Com a reestruturação do Acervo novos desafios surgem no horizonte, entre eles está o levantamento das condições ambientais do Acervo: umidade, iluminação, riscos, a definição dos protocolos de catalogação, a conclusão da catalogação dos materiais, a criação do site e do sistema de empréstimos online, a inserção no ecossistema do Arariboia Tecno - Centro de Inovação, o estreitamento da relação Ensino, Pesquisa, Extensão e Inovação, o aprofundamento dos estudos sobre conservação e preservação, a parceria com Fundação Euclides da Cunha - FEC para tornar o Acervo economicamente sustentável.

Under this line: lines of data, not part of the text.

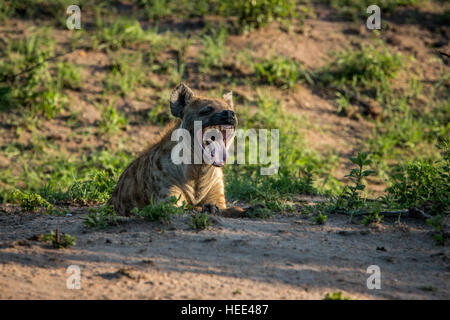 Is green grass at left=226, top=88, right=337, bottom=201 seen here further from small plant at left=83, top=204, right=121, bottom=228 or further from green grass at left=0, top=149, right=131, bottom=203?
small plant at left=83, top=204, right=121, bottom=228

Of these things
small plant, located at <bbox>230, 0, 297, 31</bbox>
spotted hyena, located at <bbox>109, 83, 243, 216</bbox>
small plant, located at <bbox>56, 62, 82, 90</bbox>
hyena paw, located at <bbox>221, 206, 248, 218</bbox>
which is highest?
small plant, located at <bbox>230, 0, 297, 31</bbox>

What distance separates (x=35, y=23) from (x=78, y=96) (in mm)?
2044

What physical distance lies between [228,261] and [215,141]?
1713 mm

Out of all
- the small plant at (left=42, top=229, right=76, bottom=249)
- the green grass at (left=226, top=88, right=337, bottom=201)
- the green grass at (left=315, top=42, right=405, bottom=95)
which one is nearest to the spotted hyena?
the green grass at (left=226, top=88, right=337, bottom=201)

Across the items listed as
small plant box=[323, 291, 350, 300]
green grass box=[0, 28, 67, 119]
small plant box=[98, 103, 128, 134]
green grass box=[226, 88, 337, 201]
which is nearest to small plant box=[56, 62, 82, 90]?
green grass box=[0, 28, 67, 119]

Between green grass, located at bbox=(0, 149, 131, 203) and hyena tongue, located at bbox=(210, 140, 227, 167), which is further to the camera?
green grass, located at bbox=(0, 149, 131, 203)

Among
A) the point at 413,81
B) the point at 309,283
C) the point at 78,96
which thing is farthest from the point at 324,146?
the point at 309,283

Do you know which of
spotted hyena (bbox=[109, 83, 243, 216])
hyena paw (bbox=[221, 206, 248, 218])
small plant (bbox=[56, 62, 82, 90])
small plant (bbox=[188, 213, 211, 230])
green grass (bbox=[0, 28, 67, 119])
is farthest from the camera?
small plant (bbox=[56, 62, 82, 90])

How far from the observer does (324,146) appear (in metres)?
8.20

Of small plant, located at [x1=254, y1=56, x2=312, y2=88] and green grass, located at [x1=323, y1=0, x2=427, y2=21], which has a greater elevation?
green grass, located at [x1=323, y1=0, x2=427, y2=21]

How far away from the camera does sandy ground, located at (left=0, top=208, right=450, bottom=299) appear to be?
3.20m

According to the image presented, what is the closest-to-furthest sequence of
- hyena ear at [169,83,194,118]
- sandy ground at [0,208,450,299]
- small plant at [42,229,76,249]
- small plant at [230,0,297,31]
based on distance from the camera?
sandy ground at [0,208,450,299], small plant at [42,229,76,249], hyena ear at [169,83,194,118], small plant at [230,0,297,31]

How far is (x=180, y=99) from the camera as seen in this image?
5305 mm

Também se abrem novas perspectivas para os próximo anos, entre elas, certamente temos a colocação dos Acervos (Acervo de Arte e Lupa) na linha de frente dos projetos de sustentabilidade do Arariboia Tecno, a alimentação constante do Sistema de Empréstimo Digital, realização de campanhas de doação e ampliação do Acervo, o desenvolvimento do projeto Estratégias de Preservação do Acervo Material para Direção de Arte - PIBIINOVA, ampliação do atendimento ao público em geral e, principalmente, a abertura de cursos técnicos aproveitando a infraestrutura do Acervo e do Centro de Inovação.

A gestão dos Acervos de Arte universitários são um constante aprendizado, pois não tem recursos humanos e materiais, mas podem ser considerado um potente vetor de um ecossistema que envolve os discentes em formação, os egressos que criam suas produtoras e tem poucos recursos para a produção de arte, as empresas de produção audiovisual, que precisam descartar materiais utilizados em suas produções e ainda a comunidade em geral, que deseja realizar produções artísticas e procuram os Acervos para ter apoio. Por outro lado, após o encerramento das produções, novos materiais que foram produzidos especialmente para as produções apoiadas pelo Acervo retornam como doação para incrementar ainda mais o catálogo do Acervo, usando uma abordagem sistêmica para manter o fluxo circular dos recursos por meio da adição, retenção e regeneração de seu valor, contribuindo para o desenvolvimento sustentável.

Na prática, estamos atuando num sistema de economia circular, com o aproveitamento de materiais e objetos que iriam para o lixo após a produção dos filmes profissionais e universitários e o acolhimento de doações de objetos e mobiliário da comunidade, que também seriam destinados aos lixões urbanos. Assim cumprimos o ciclo da economia circular focado na redução, reutilização, recuperação e reciclagem de materiais e energia. “O conceito associa a melhor gestão dos recursos naturais a um desenvolvimento econômico, que requer não apenas o fechamento dos ciclos, com o reaproveitamento de resíduos e recursos, mas também reduzir a velocidade dos ciclos dos materiais, desenvolvendo produtos reutilizáveis e duradouros”. Deste modo, também contribuímos para a economia local, com o empréstimo destes materiais após a sua recuperação ou customização, tanto para os filmes universitários quanto para produções profissionais. Assim criamos um círculo virtuoso, numa perspectiva que envolve a tríade da responsabilidade sustentável: ambiental, econômica e social.

Citações

  1. O podcast originalmente foi veiculado pela NPR e posteriormente republicado na revista Art & Design.
  2. Wackernagel e Rees (1996, 1997) introduziram o conceito de PE e seu método com a ideia básica de que cada indivíduo, processo, atividade e região têm um impacto na Terra, através de uso de recursos, geração de resíduos e utilização de serviços fornecidos pela natureza. Estes impactos podem ser convertidos em áreas biologicamente produtivas. (SILVA e outros, 2022)
  3. Além do Acervo da UFF, agora temos o Acervo da UNILA, em Foz do Iguaçu e em andamento, o Acervo da ESPM, no Rio de Janeiro. Apesar das diferenças entre instituições públicas e privadas, os problemas enfrentados pelos Acervos Universitários são semelhantes.